*WHAT YOU SHOULD DO:* Below are entries. Copy exactly the lines running from the line that holds "Nike Light Grey" to the line that holds "Gorgeous young lady", with both ends included.

*GIVEN ENTRIES:*

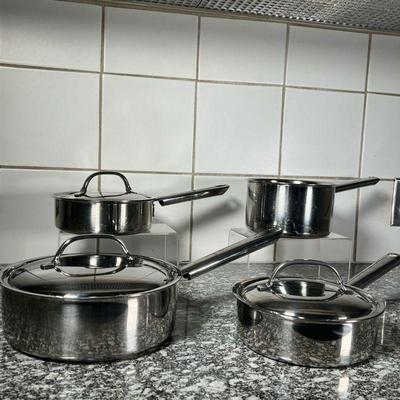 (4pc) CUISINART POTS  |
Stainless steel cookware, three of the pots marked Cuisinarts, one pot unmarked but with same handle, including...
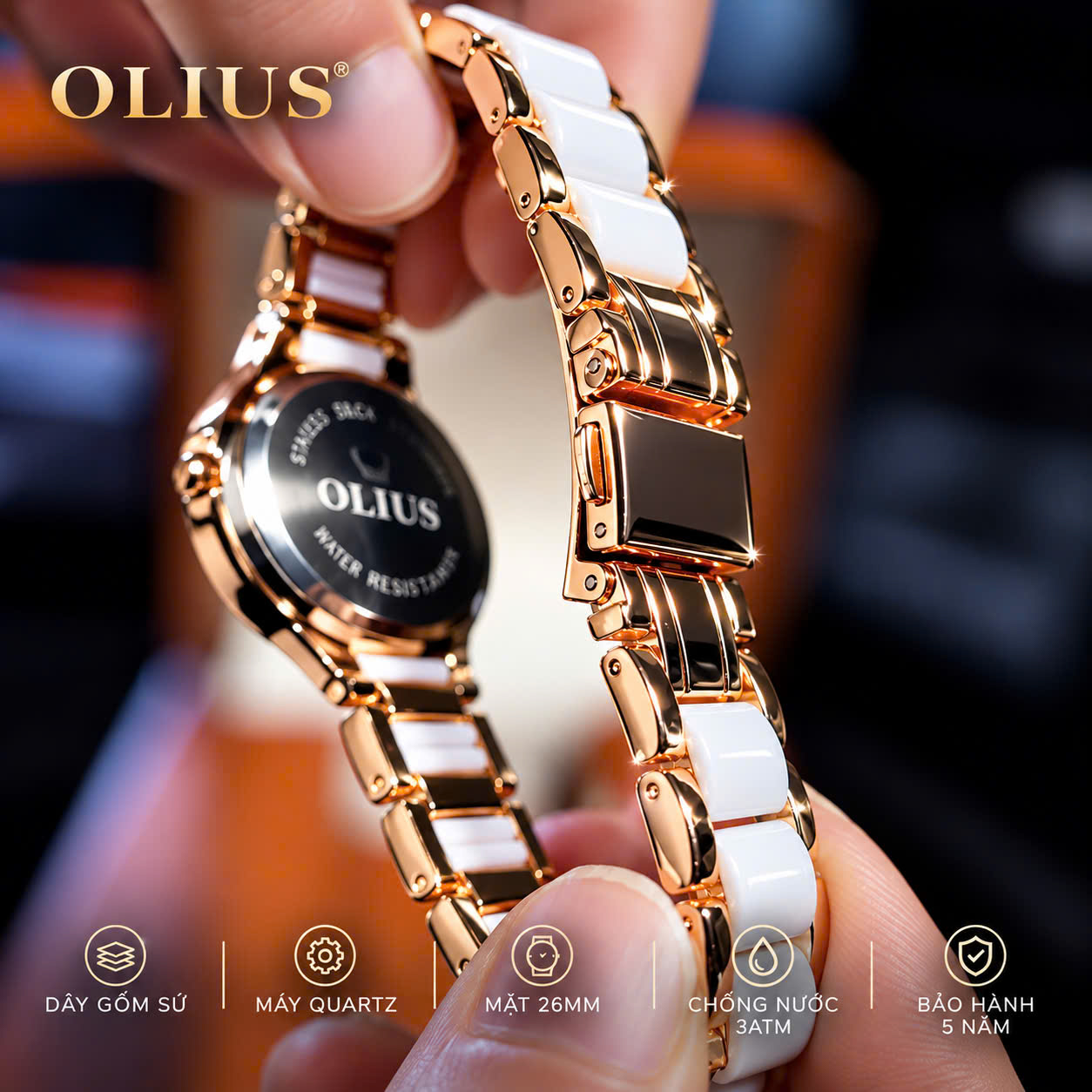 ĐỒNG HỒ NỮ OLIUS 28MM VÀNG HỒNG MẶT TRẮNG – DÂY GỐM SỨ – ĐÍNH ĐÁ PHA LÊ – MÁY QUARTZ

...

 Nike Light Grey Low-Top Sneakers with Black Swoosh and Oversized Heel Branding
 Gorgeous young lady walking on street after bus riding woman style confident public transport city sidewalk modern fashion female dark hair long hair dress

*WORKED SOLUTION:*
 Nike Light Grey Low-Top Sneakers with Black Swoosh and Oversized Heel Branding
 Gorgeous young lady walking on street after bus riding woman style confident public transport city sidewalk modern fashion female dark hair long hair dress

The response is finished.